If anything that sort of underlines the absurdity of trying to regulate the evolution of human thought but it depends if the interests of those who regulate and those who are regulated are the same. I've yet to hear a clear argument that that is so, so that sort of thought control produces major conflicts of interest.
2) the argument I've used could well be an argument for burning the collected works of Shakespeare or Dickens, if you apply the same evolutionary logic to fiction (thinking of ideas as tools). So the subjective factor of the simple pleasure of reading and knowing could be an argument against a sort of utilitarian attitude to ideas. It might as well be saying you should burn the Sistine chapel or the last supper for having religious symbolism. Your right to see the irony as whether it were Christians or Communists burning books or works of art or destroying music, it is still iconoclasm in thinking words and symbols have a power to communicate ideas beyond the person reading, looking at or listening to them. I think the Soviets banned Mozarts church music because of its religious symbolism.

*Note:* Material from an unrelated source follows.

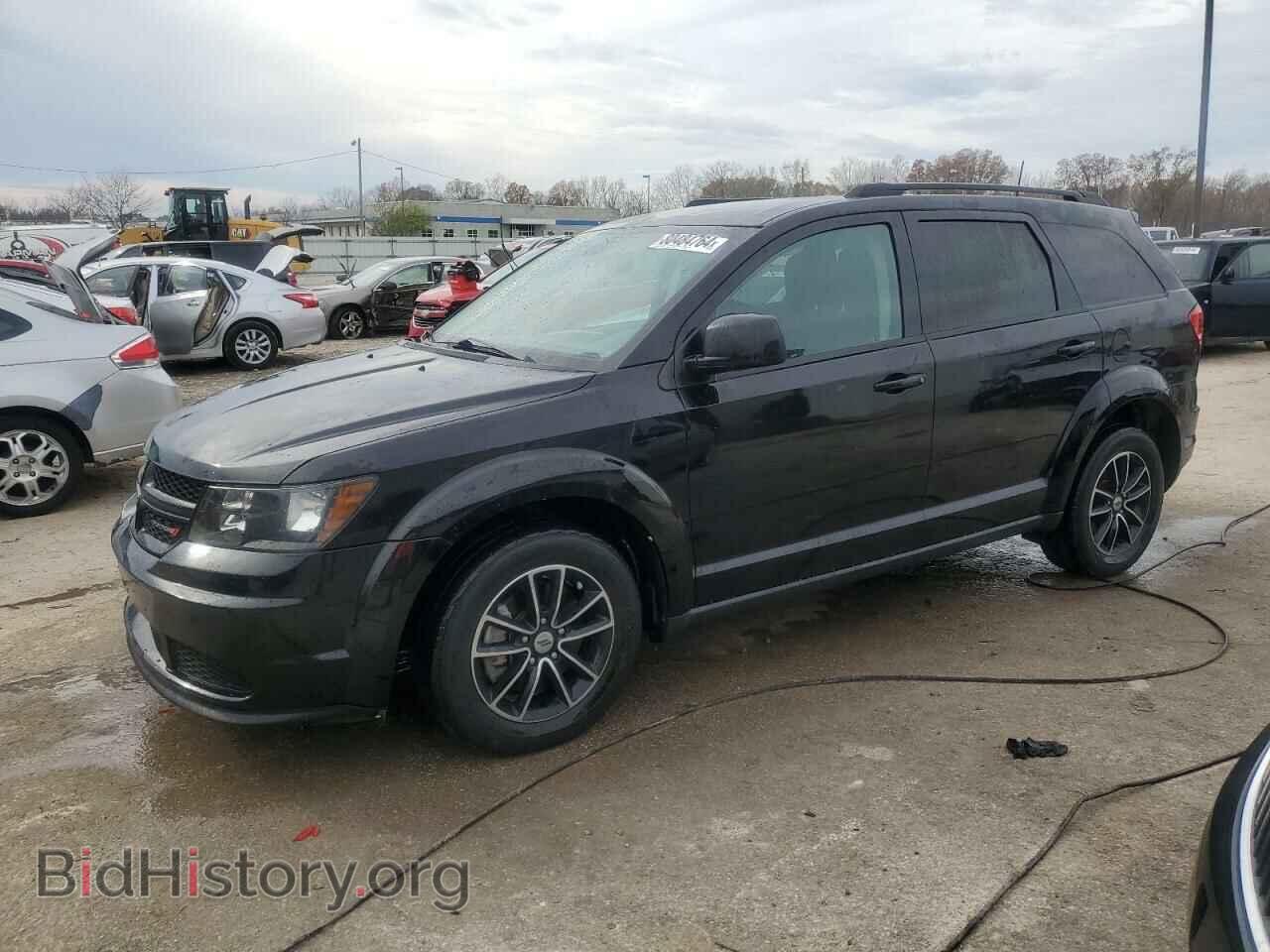 Фотография 3C4PDCAB4JT527693 - DODGE JOURNEY 2018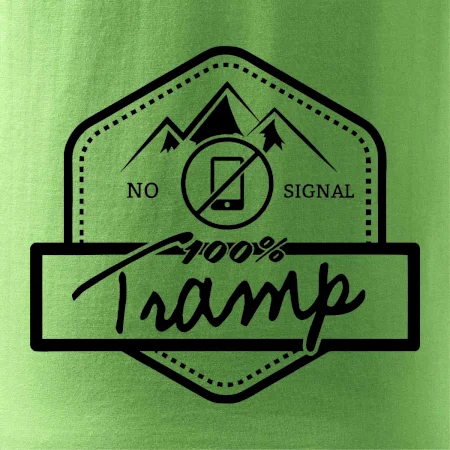 Tramp No Signal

I agree with you basically and it's the fact I have no decent criticism or way to smooth over the catastrophic effects which makes the idea difficult to dismiss. it's hard to get a discussion going on to a point where the very value of progress is discussed in a relatable way. a majority of people wouldn't even pose this sort question hypothetically. it's unthinkable to them even if they live with the results of people practicing censorship and cultural genocide in the past simply because it was so successful in eradicating all trace of what went before. It's a strange kind of selective blindness to our own history and that it may happen again in the future.